30      Par conséquent, il convient de relever que la chambre de recours a considéré, à juste titre, que, pour les produits et les services en cause, la marque demandée n’était pas distinctive au sens de l’article 7, paragraphe 1, sous b), du règlement 2017/1001.

31      Il s’ensuit qu’il convient de rejeter le recours comme non fondé.

 Sur les dépens

32      Aux termes de l’article 134, paragraphe 1, du règlement de procédure du Tribunal, toute partie qui succombe est condamnée aux dépens, s’il est conclu en ce sens.
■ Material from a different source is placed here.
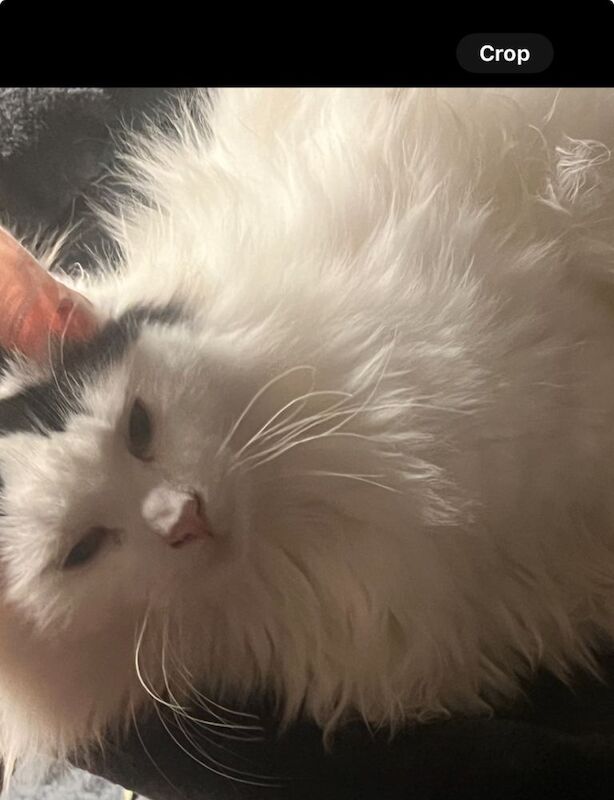 Maine Coon kittens for sale in Middleton, Greater Manchester – 7 weeks old - Image 4 of 5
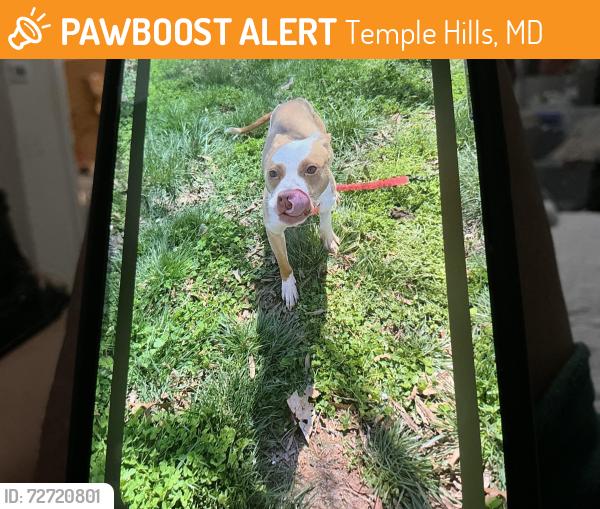 Found/Stray Female Dog last seen Woodelves Way, Temple Hills, MD 20748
33      Bien que la requérante ait succombé, l’EUIPO n’a conclu à la condamnation de celle-ci aux dépens qu’en cas d’organisation d’une audience. En l’absence d’organisation d’une audience, il convient de décider que chaque partie supportera ses propres dépens.

Par ces motifs,

LE TRIBUNAL (septième chambre)

déclare et arrête :

1)      Le recours est rejeté.

2)      Daimler Truck AG supportera ses propres dépens.

3)      L’Office de l’Union européenne pour la propriété intellectuelle (EUIPO) supportera ses propres dépens.

Kowalik-Bańczyk

Hesse

Ricziová

Ainsi prononcé en audience publique à Luxembourg, le 24 avril 2024.

Signatures


*      Langue de procédure : l’allemand.